TASK TO CARRY OUT>
Copy exactly the lines from the first line of the records below through the line containing "Design Your Own", including both, and nothing else.

[Collected data entries]
******************************
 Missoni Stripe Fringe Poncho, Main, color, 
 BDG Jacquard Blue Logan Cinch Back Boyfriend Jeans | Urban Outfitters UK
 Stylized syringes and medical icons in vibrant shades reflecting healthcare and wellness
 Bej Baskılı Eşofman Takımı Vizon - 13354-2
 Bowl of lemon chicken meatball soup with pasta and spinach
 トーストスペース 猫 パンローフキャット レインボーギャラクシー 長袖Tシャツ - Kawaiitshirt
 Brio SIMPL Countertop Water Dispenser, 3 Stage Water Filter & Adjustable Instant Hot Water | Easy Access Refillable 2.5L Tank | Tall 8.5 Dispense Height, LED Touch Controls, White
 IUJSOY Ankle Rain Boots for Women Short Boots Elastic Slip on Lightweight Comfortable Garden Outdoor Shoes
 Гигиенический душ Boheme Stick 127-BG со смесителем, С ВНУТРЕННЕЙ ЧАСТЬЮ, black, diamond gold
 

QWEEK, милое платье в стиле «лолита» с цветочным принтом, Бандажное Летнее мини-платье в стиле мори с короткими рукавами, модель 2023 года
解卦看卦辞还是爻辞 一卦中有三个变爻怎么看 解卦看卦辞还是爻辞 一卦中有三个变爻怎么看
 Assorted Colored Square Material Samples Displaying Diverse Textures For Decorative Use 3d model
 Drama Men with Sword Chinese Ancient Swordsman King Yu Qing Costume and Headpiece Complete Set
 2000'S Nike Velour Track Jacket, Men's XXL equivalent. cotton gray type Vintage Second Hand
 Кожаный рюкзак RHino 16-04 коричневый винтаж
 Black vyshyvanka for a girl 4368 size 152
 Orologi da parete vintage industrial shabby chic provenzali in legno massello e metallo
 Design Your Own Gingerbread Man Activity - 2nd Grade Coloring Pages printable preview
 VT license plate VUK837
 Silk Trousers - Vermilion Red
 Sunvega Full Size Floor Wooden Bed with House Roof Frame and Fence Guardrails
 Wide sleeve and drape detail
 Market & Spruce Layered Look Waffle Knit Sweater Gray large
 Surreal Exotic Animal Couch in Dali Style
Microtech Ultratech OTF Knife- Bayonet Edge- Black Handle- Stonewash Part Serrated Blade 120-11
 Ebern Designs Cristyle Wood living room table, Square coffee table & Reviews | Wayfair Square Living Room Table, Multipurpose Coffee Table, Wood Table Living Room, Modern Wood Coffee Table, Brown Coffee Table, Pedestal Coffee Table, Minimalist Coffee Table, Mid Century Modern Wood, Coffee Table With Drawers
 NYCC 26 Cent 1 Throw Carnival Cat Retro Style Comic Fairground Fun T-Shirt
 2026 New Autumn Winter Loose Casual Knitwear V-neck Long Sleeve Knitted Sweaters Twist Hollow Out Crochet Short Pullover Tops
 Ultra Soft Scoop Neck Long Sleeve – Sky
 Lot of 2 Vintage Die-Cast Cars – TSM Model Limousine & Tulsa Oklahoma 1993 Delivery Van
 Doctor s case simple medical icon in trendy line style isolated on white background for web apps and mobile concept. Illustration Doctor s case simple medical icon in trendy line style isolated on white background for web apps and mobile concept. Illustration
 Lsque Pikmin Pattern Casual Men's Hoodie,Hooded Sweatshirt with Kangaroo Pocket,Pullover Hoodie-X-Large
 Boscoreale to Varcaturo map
******************************
RESPONSE>
 Missoni Stripe Fringe Poncho, Main, color, 
 BDG Jacquard Blue Logan Cinch Back Boyfriend Jeans | Urban Outfitters UK
 Stylized syringes and medical icons in vibrant shades reflecting healthcare and wellness
 Bej Baskılı Eşofman Takımı Vizon - 13354-2
 Bowl of lemon chicken meatball soup with pasta and spinach
 トーストスペース 猫 パンローフキャット レインボーギャラクシー 長袖Tシャツ - Kawaiitshirt
 Brio SIMPL Countertop Water Dispenser, 3 Stage Water Filter & Adjustable Instant Hot Water | Easy Access Refillable 2.5L Tank | Tall 8.5 Dispense Height, LED Touch Controls, White
 IUJSOY Ankle Rain Boots for Women Short Boots Elastic Slip on Lightweight Comfortable Garden Outdoor Shoes
 Гигиенический душ Boheme Stick 127-BG со смесителем, С ВНУТРЕННЕЙ ЧАСТЬЮ, black, diamond gold
 

QWEEK, милое платье в стиле «лолита» с цветочным принтом, Бандажное Летнее мини-платье в стиле мори с короткими рукавами, модель 2023 года
解卦看卦辞还是爻辞 一卦中有三个变爻怎么看 解卦看卦辞还是爻辞 一卦中有三个变爻怎么看
 Assorted Colored Square Material Samples Displaying Diverse Textures For Decorative Use 3d model
 Drama Men with Sword Chinese Ancient Swordsman King Yu Qing Costume and Headpiece Complete Set
 2000'S Nike Velour Track Jacket, Men's XXL equivalent. cotton gray type Vintage Second Hand
 Кожаный рюкзак RHino 16-04 коричневый винтаж
 Black vyshyvanka for a girl 4368 size 152
 Orologi da parete vintage industrial shabby chic provenzali in legno massello e metallo
 Design Your Own Gingerbread Man Activity - 2nd Grade Coloring Pages printable preview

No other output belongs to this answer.